染色特集/我が社のアピールポイントはここ!

2008年07月23日 (水曜日)

コニカミノルタIJ/インクジェットでエコ訴求

 コニカミノルタIJは、テキスタイル染色で環境・エネルギー負荷を大幅に削減したインクジェットプリントシステムの展開に注力する。

 インクジェットプリントは、従来のプリントと比較した場合、多品種・小ロット加工やQR対応、環境への配慮などといった優位性を持つ。とくに環境負荷については大幅な低減と安全性の向上を実現。同社のインクジェット技術をテキスタイルプリントに適用することにより、従来のプロセス比・環境負荷で150分の1・染料投入量で200分の1・廃棄材料で30分の1・エネルギー消費量で2分の1――の削減を達成するという。

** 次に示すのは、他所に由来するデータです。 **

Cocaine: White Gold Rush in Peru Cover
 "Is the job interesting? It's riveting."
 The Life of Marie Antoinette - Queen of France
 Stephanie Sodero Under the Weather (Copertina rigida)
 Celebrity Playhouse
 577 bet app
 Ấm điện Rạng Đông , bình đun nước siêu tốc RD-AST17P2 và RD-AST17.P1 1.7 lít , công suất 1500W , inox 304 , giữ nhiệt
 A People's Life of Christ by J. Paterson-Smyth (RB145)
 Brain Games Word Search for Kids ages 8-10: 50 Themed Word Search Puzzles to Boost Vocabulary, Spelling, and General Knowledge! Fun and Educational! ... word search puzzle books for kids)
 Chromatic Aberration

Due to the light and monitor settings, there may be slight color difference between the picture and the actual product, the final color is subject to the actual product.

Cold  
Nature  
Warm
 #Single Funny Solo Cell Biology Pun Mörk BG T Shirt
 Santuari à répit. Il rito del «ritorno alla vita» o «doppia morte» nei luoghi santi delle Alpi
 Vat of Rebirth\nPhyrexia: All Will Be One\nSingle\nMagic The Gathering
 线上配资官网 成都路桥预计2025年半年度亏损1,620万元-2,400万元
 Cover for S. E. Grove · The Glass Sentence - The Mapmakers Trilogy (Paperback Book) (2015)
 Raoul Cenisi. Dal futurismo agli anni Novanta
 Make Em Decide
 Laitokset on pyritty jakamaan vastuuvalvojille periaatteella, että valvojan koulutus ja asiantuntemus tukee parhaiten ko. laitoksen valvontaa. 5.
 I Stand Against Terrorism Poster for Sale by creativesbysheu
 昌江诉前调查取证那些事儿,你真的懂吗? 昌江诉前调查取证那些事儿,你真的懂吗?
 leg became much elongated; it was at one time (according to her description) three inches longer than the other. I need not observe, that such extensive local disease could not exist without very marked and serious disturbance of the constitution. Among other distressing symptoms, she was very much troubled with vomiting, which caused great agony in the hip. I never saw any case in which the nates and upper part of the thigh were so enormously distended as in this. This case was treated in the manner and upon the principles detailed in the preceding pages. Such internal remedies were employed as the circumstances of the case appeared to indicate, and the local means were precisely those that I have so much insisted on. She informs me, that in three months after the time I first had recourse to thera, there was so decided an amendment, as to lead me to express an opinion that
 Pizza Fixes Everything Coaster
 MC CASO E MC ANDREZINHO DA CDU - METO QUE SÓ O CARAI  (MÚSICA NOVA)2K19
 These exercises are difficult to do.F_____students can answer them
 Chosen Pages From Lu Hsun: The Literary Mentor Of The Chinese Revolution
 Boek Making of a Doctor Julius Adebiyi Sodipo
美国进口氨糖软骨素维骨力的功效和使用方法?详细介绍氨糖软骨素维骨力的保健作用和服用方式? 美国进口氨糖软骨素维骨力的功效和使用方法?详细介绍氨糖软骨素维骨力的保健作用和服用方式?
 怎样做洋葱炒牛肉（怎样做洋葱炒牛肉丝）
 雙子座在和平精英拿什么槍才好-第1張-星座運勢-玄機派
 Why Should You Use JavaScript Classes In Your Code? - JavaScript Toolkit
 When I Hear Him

 ヘッドやインク、ソフトに至るまで、すべてを自社開発する同社は、窓口を一本化し、素早いサポート体制を確立。トラブルが発生した場合でも顧客のニーズに対応した素早いサービスが可能だ。主力機は高速・高精細のインクジェットプリンタ「ナッセンジャーV」。同機はテキスタイル用に新たに開発した小液滴・高密度多ノズルインクジェットヘッドにより、鮮鋭性と高濃度の品位を両立し、布用プリンタとしては最速クラスのスピードを実現した。さらに滑らかなグラデーションや微妙な色調を再現できることから、衣料品のほか寝装、のぼりなど、様々な用途で活用されている。

三木理研工業/低ホルマリン剤拡販へ

 仕上げ用加工剤、高機能加工剤などを製造販売する三木理研工業(和歌山市)は、低ホルマリングリオキザール樹脂やホルマリンキャッチャー剤の販売拡大に取り組む。

 今年3月、残留ホルマリン濃度の基準値が改正され、「1%以下」という厳しい水準となった。1%以上でも問題はないが、1%を超えると様々な付帯義務が課せられることになった。三木理研工業は以前から、形態安定加工などの際に効果を薄めることなく、低ホルマリンを実現する樹脂を開発していた。今回の規制強化によって市場の要望が高まると見られていることから、「改めてPRを強化し、迅速に顧客のニーズに対応していきたい」(中川和城専務)と話している。

 また、顧客から防炎剤、難燃剤への要望が多数寄せられていることから、これらの問題点を解決した触媒の開発に力を入れる。例えばカーシートに防炎・難燃加工を施しても、太陽光や摩擦、洗浄によって効果は薄れていく。剤の多くはハロゲンを含んでいるため、ダイオキシンの問題が指摘される。安全性を重視すると効果が薄くなるというジレンマがつきまとうわけだが、中川専務はこれを「薬剤関連メーカーにはチャンス」ととらえる。仮に、これまでの薬品が使えなくなると、代替が必要になるためだ。同社もこの機を逸しないために、開発を続ける構え。

クラボウ・エレクトロニクス事業部/インクジェットで新BM

 クラボウ・エレクトロニクス事業部の安川洋情報システム営業部長は「原燃料高、染料不足など染色加工場は厳しい局面にあるが、従来通り、染色加工場に対し、色彩関連技術、各種自動化技術を結集し、工場の効率化をサポートする」方針を示す。

 ミヤコシ(千葉県習志野市)と共同開発したインクジェット捺染機「TXP―18A」もその一つ。これを活用して、染色加工場の新たなビジネスモデルの構築を支援する。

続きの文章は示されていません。